Since my last post, I have been implementing and testing Random Network Distillation (RND) by Burda et al. As I was able to implement the most important parts of RND, in this post I give a brief summary of how I implemented RND.
Implemented
First, here is an image that approximately summarizes what has been implemented:
The main parts are computing the intrinsic reward (RND loss) and updating the RND networks. Because the full code is too long to put in this post, I selected the segments that are most relevant to the implementation.
Defining RND Materials
The intrinsic reward for RND is defined as a MSE loss of two vectors: predictor and target. Both vectors are outputs of two networks with the same architecture - the RND predictor network and the RND target network.

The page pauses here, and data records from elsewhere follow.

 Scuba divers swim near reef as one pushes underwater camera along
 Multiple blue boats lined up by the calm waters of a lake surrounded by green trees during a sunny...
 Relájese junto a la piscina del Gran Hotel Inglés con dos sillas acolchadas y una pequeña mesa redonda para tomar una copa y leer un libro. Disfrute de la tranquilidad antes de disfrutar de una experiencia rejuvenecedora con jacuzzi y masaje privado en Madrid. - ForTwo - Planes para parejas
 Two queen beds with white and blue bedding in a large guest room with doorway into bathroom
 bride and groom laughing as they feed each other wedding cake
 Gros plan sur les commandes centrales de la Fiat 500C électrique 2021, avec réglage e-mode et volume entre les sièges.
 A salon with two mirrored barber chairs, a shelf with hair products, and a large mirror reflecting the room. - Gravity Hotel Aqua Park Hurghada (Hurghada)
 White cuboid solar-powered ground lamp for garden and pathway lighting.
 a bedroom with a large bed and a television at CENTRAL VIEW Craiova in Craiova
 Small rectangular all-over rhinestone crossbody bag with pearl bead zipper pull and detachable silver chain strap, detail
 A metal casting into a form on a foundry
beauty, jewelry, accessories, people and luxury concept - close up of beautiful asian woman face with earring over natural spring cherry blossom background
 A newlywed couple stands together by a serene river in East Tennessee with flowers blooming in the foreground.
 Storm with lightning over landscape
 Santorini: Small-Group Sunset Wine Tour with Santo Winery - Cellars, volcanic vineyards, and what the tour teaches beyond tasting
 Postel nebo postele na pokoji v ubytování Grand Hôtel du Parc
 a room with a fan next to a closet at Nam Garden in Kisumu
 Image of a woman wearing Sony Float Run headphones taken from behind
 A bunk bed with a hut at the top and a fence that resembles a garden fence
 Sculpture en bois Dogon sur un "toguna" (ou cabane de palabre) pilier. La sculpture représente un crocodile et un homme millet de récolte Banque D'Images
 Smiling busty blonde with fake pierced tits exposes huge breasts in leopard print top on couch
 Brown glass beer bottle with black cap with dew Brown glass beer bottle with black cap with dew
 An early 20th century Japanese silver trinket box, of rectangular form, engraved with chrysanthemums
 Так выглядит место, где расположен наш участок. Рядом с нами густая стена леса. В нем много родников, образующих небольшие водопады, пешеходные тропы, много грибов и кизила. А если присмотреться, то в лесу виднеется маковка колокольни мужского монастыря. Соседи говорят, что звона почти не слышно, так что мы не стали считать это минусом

The RND predictor network and RND target network is defined in train_eval.py
where other networks are also defined.
if use_rnd: rnd_net = encoding_network.EncodingNetwork( tf_env.observation_spec(), fc_layer_params=value_fc_layers, name='PredictorRNDNetwork') target_rnd_net = encoding_network.EncodingNetwork( tf_env.observation_spec(), fc_layer_params=rnd_layers, name='TargetRNDNetwork')
The optimizer and loss function for RND is also defined in the next few lines. RND uses Adam optimizer and Mean Squared Loss (MSE) function.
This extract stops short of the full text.